Hungerford Town
- Full name: Hungerford Town Football Club
- Nickname: The Crusaders
- Founded: 1886
- Ground: Bulpit Lane, Hungerford
- Capacity: 2,500 (170 seated)
- Chairman: Cris Bowden
- Manager: Danny Robinson
- League: Southern League Division One South
- 2025–26: Southern League Premier Division South, 21st of 22 (relegated)
- Website: hungerfordtown.com
| Home colours | Away colours |

= Hungerford Town F.C. =

Association football club in Hungerford, England

Hungerford Town Football Club is a semi-professional football club based in Hungerford, Berkshire, England. Affiliated to the Berks & Bucks Football Association, they are currently members of and play at Bulpit Lane.

==History==
The club was established in 1886, initially playing friendlies as there were no local league or cup competitions. After two practice matches in October 1886, the first game against another club was played on 6 November, a 6–2 defeat to Earley. In 1904–05 they won their first honours, the Newbury Challenge Cup, by beating Newbury Union Jack 2–1 in the final. They won the trophy again in 1908–09 with a 2–1 win over Thatcham in the final. The club was now playing in the Hungerford League, but later joined the Newbury League.

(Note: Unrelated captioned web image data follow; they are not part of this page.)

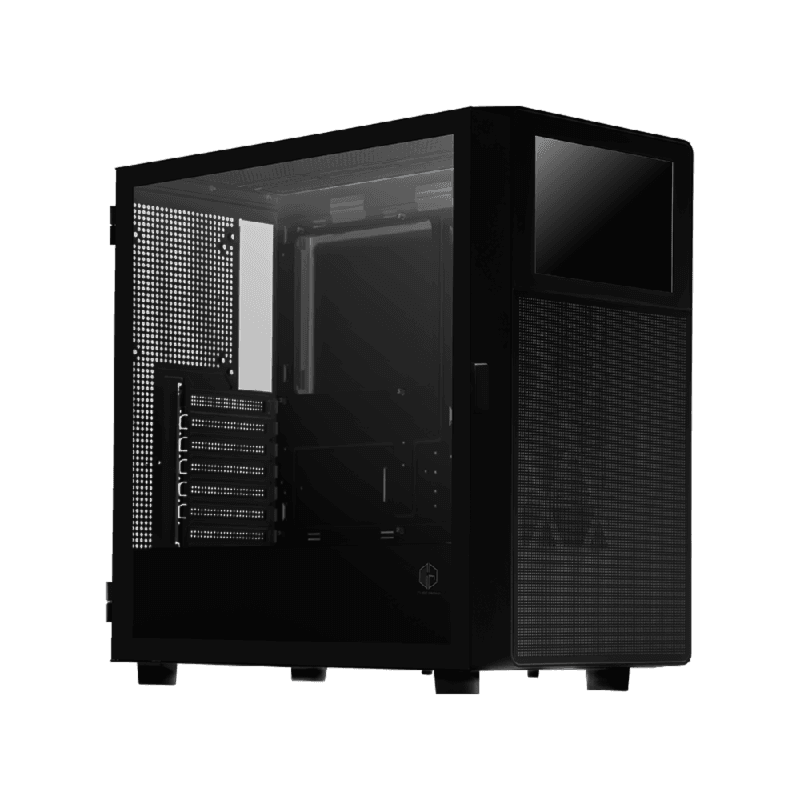 CUBE GAMING CINEMA (BLACK) ATX Gaming Case - All Inside - Mesh Front Panel with Display Front It!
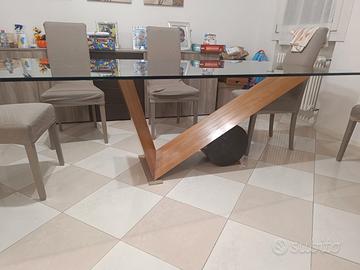 Tavolo Cattelan in vetro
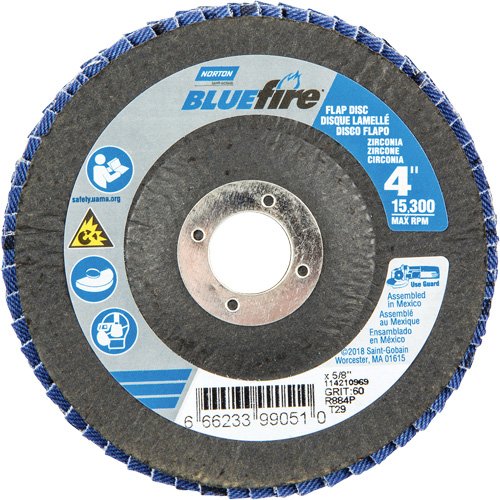 NY212-R884P BlueFire® Conical Flap Disc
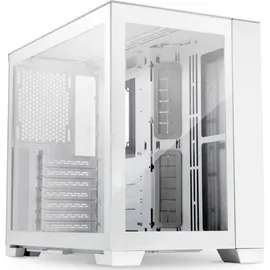 Lian Li O11 Dynamic Mini Snow Edition Midi-Tower Gaming, Gehaeuse Weiß Seitenfenster, O11D MINI S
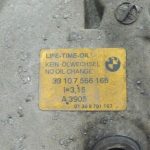 BMW 3. sērijas E93 325i N53 aizmugurējais diferenciālis aizmugurējais diferenciālis I=3,15 7566166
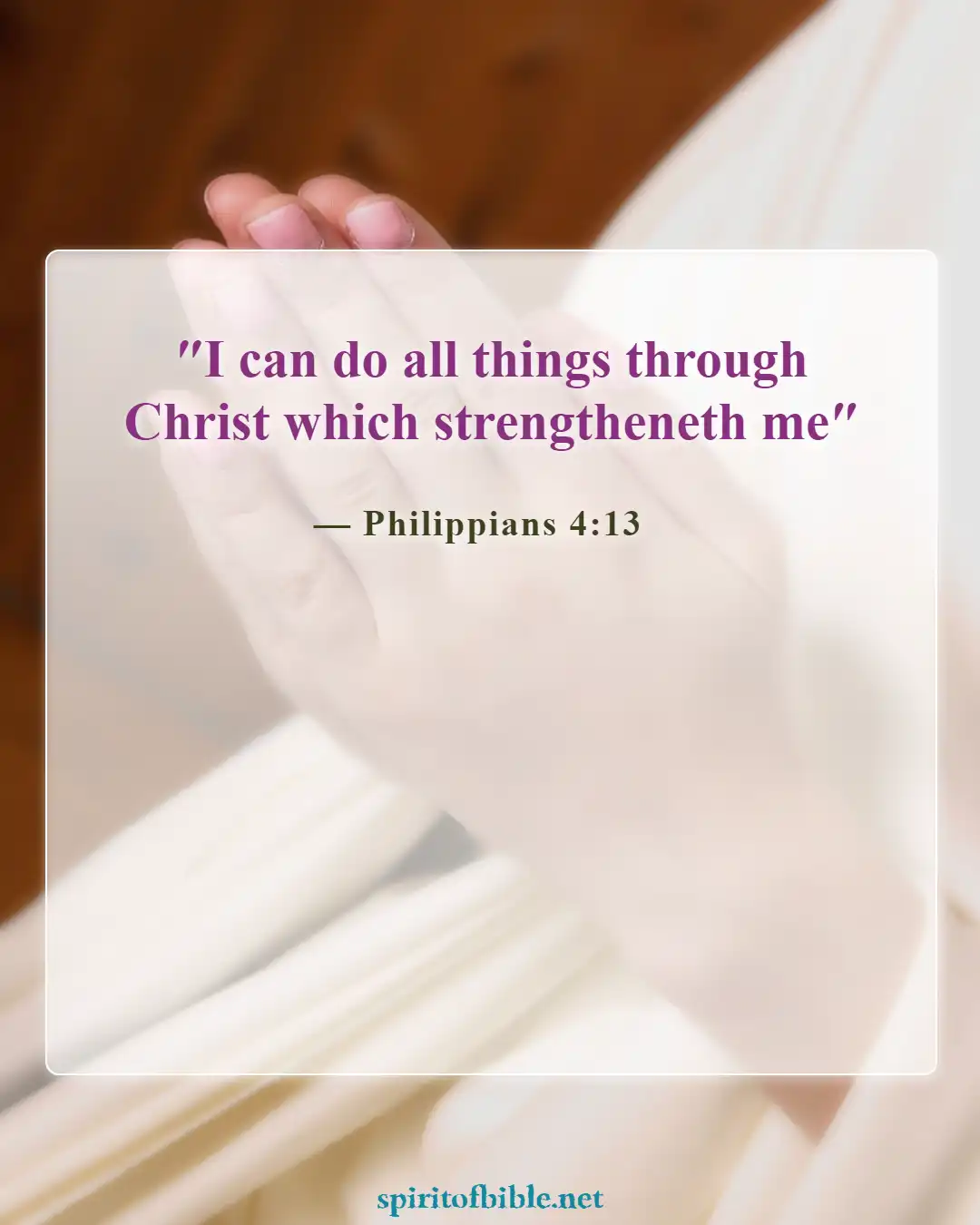 Bible Verses About Overcoming Devil (Philippians 4:13)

They won the Newbury League in 1912–13, retaining the title the following season. After World War I the club won the title again in 1919–20 and for a fourth time in 1921–22. They later joined the Swindon & District League.

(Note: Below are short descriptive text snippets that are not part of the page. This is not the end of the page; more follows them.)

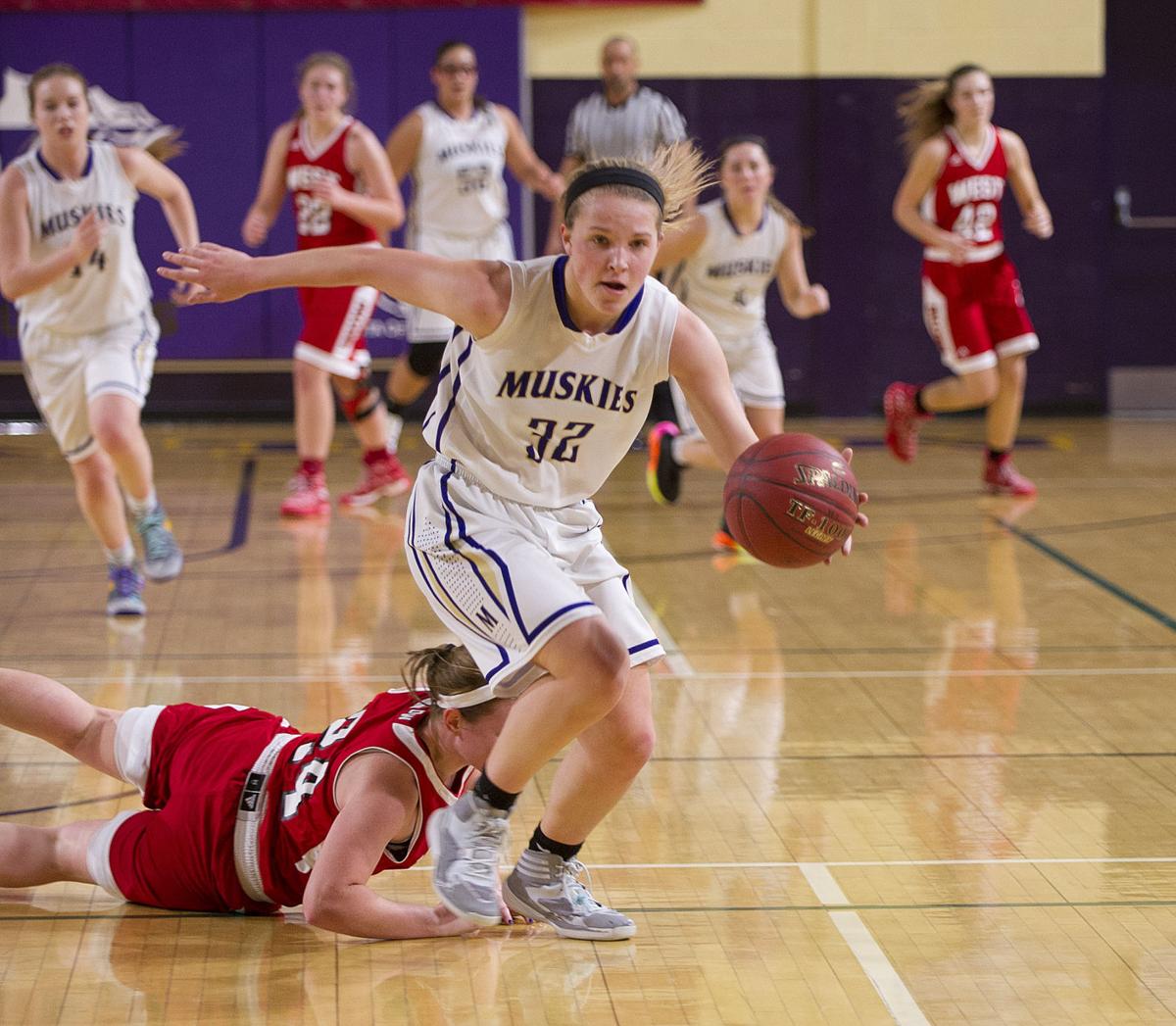 Girls Basketball Capsule Muscatine At Clinton High School
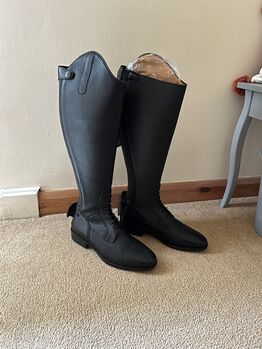 Ladies HKM Latinium Style Riding Boots, UK 6, Short length, Extra wide calf, HKM, Emily, Riding Boots, Hexham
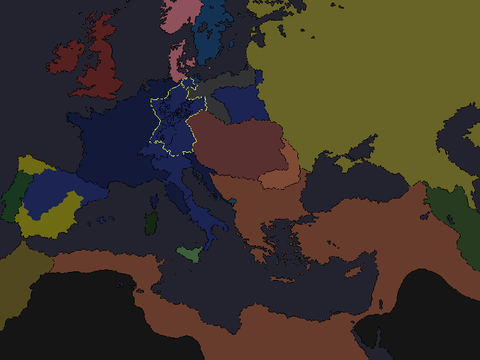 Napoleonic Europe Map (1812)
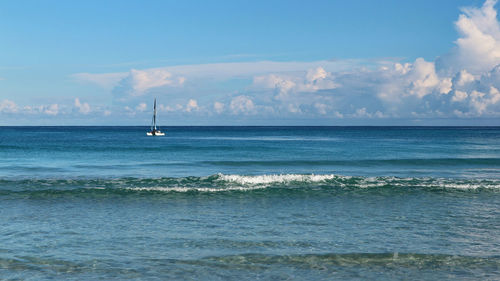 Scenic view of sea against sky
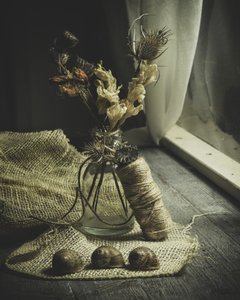 Moody Autumn Still Life by Enrico Sottocorna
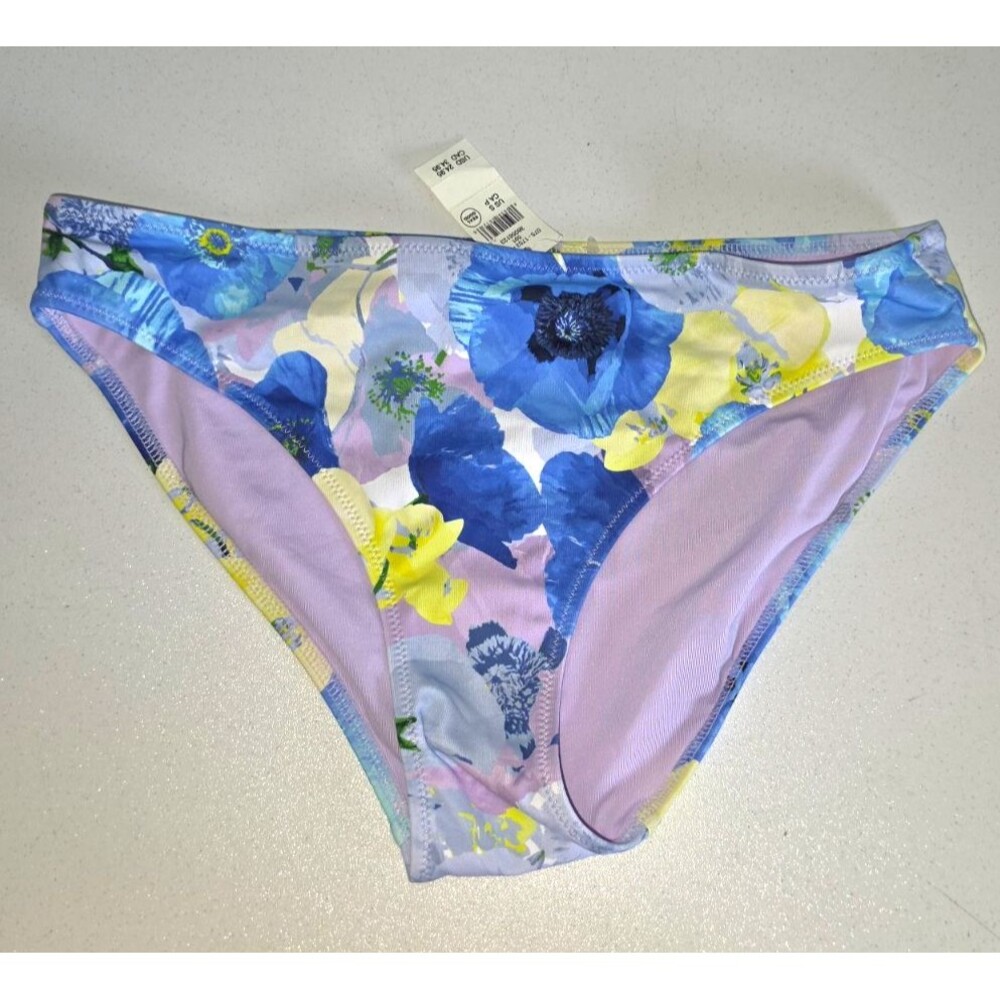 Aerie New Swim Bathing Suit Bottom Purple Blue Yellow Bikini Size Small S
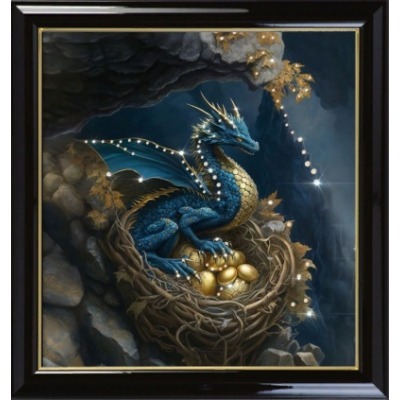 Картина Дракон 2024 с крист...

In 1958 Hungerford moved up to the Premier Division of the Hellenic League. The club won the Hellenic League Benevolent Cup in 1960–61. They finished bottom of the division in 1964–65, resulting in relegation to Division One. In 1970–71 the club won the Division One Cup and the Division One title, earning promotion back to the Premier Division. In 1975–76 and 1976–77 they reached back-to-back finals of the Berks & Bucks Senior Cup, losing to Chesham United and Slough Town respectively. In 1977–78 they won the Hellenic League's Challenge Cup and reached the semi-finals of the FA Vase, eventually losing 3–1 to Barton Rovers in a replay after the original two-legged tie had ended 3–3 on aggregate. Their cup exploits and a third-place finish that season was enough to earn promotion to Division Two of the Isthmian League.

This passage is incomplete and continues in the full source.